Forget the styling, it's got a 1.6L V16 engine.. Man, it's better to use some common sense before going on something blind. Cars like these are just concepts and it's sad that some new channels show it in the wrong way!


----------



## Pathik (Jan 25, 2008)

This may be a competitor to the MS A star concept. This ll no way be below 4-5 lacs


----------



## viswanadh (Jan 25, 2008)

This is a hoax


----------



## casanova (Jan 25, 2008)

This is false. Nissan is coming up with a cheap car though


----------



## azzu (Jan 25, 2008)

this may be a concept of the cheap 1.3 lakh car the platform wud be same but the Design may change
like A-star it wont be same design up to which it comes to production 
btw : cool design


----------



## Ganeshkumar (Jan 25, 2008)

Its *Bajaj* who is going to join hands with *Renault* to give 1LAC Car.... and Not Mahindra....


----------



## life31 (Jan 30, 2008)

Lol dint mean of this model dude and this indeed isant the model for sure. But they are indeed planning of something like this.



Ganeshkumar said:


> Its *Bajaj* who is going to join hands with *Renault* to give 1LAC Car.... and Not Mahindra....


 
Dude Mahindra already has a venture with Renault i think.
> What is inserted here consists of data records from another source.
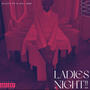 Ladies Night (Friday Edition) [Explicit]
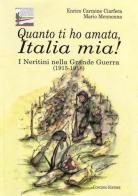 Quanto ti ho amata, Italia mia! I Neretini nella grande guerra (1915-1918) di Enrico Carmine Ciarfera, Mario Mennonna edito da Congedo
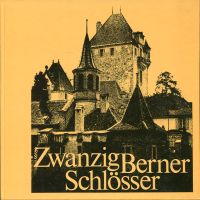 Dreyer, Zwanzig Berner Schlösser. (Umschlag)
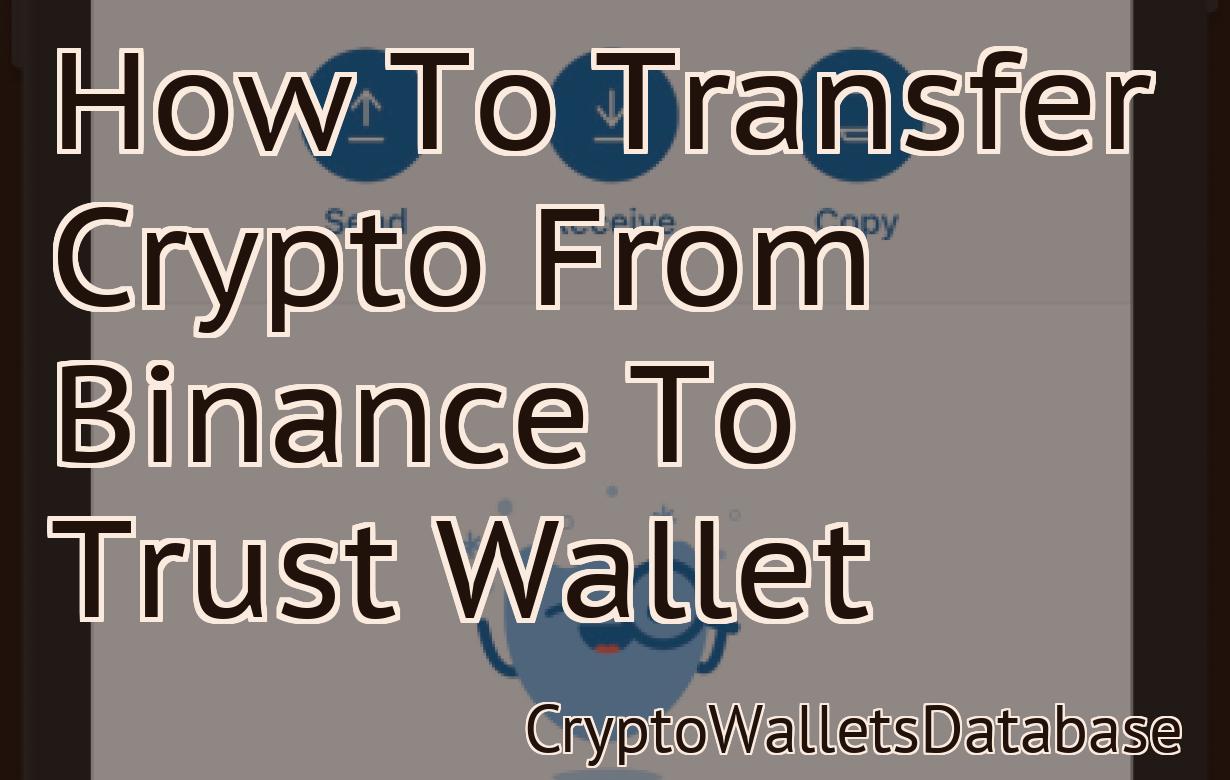 How To Transfer Crypto From Binance To Trust Wallet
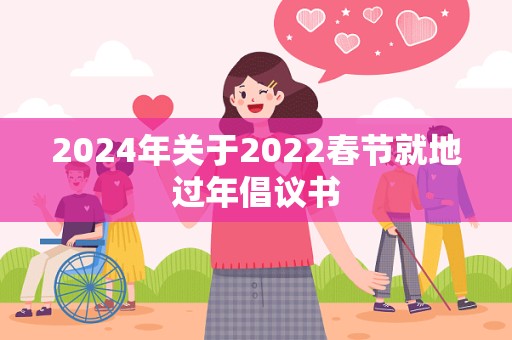 2024年关于2022春节就地过年倡议书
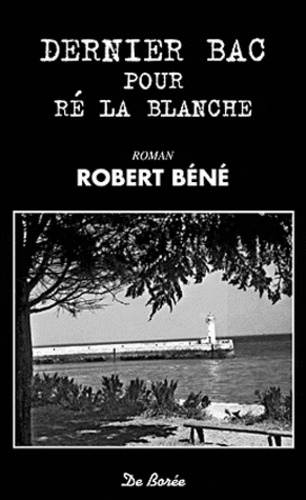 Robert Béné - Dernier bac pour Ré la Blanche.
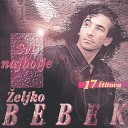 eljko Bebek - I Bog Je Od Nas Digao Ruke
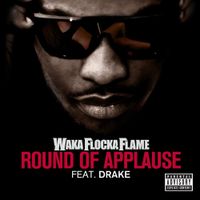 Waka Flocka Flame - Round Of Applause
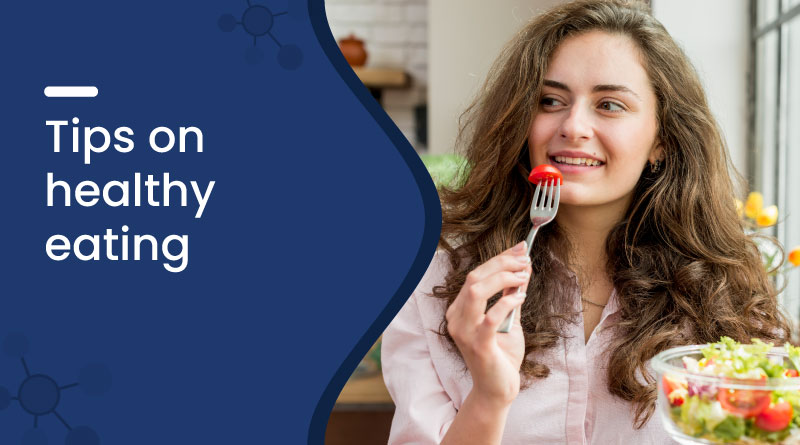 Tips on Healthy Eating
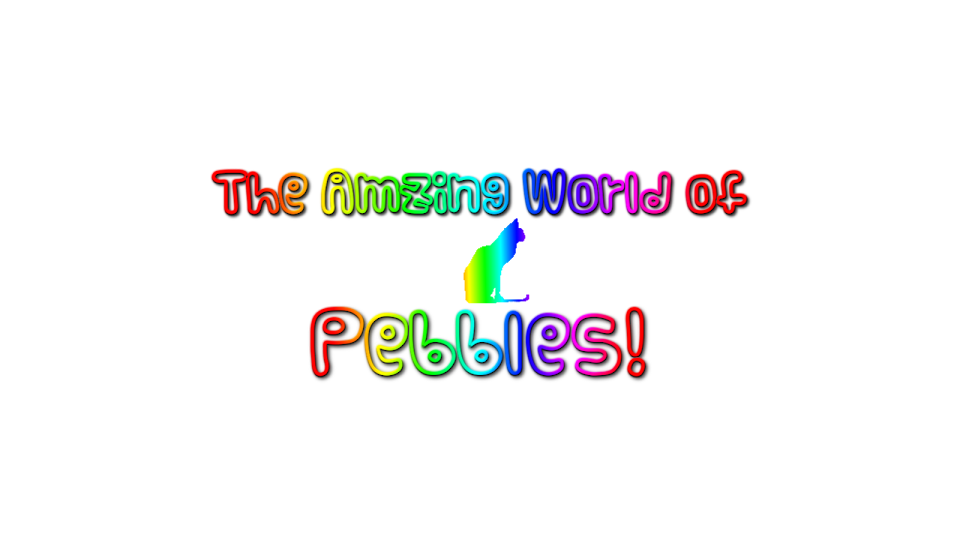 The Amazing World of Pebbles!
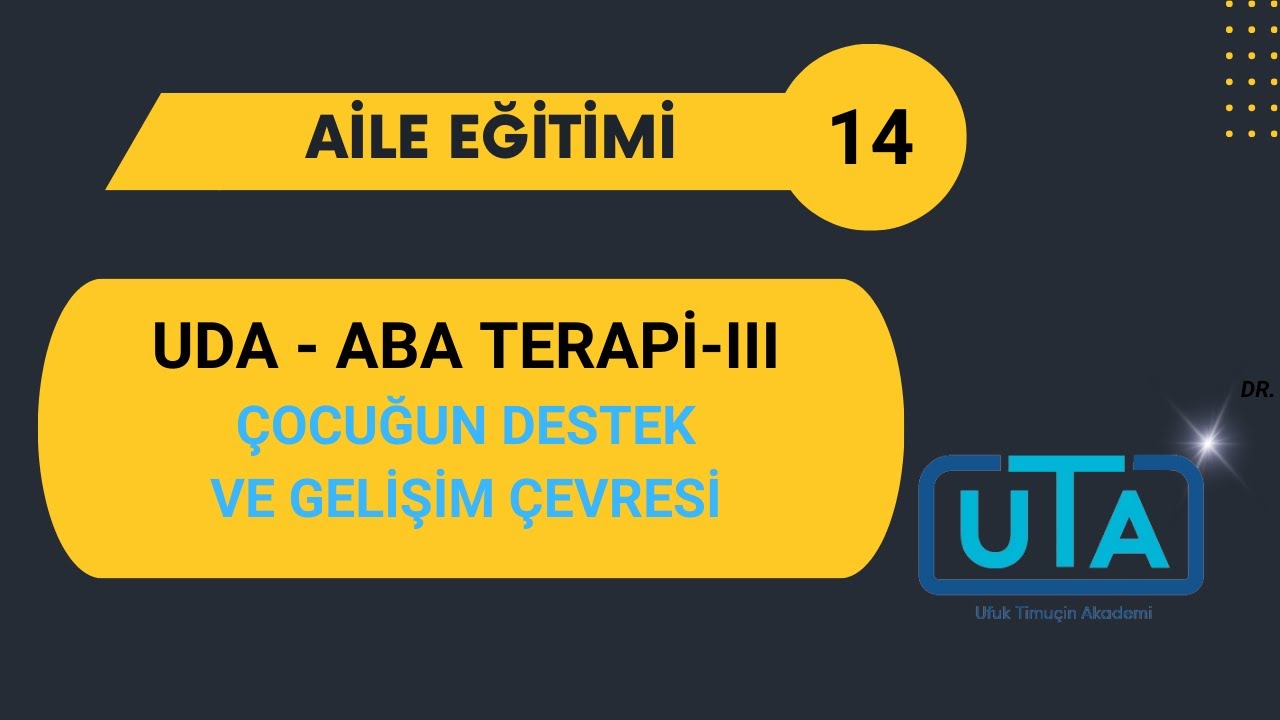 AE 14 Çocuğun Destek ve Gelişim Çevresi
Isant LOGAN a joint venture product???



prasad_den said:


> A beauty like this for just 1.3 lakhs.... Never...!! I'll not believe it, unless its official..And if its official, I'll be among the first to book it....
> 
> Edit:
> Googling gave me a link to a forum, that in turn gave me this link....!!
> ...


 

Appreciate your post here.

Great job dude +++


----------



## SunnyChahal (Jan 30, 2008)

Awesome looks and that too for only 1.3 lacs??have they gone nuts.
This masterpiece for 1.3 lacs is like a loot!!!


----------



## Ganeshkumar (Feb 15, 2008)

life31 said:


> Dude Mahindra already has a venture with Renault i think.
> 
> Isant LOGAN a joint venture product???



Hi! 
Yeah u r correct... Logan is output of joint venture of renault and mahindra only....

But.... 
for 1 lakh car... it seems bajaj n renault is going to join...

saw in the Wheel spin section of THE HINDU....


----------



## Voldy (Feb 16, 2008)

hey i doesnt think its true look at car model no way it cost 1.3 lakh


----------



## nvidia (Feb 16, 2008)

Cool!! Looks better than the Nano...


----------



## phreak0ut (Feb 18, 2008)

I had got this in my mail too. 1.3 lacs is BS


----------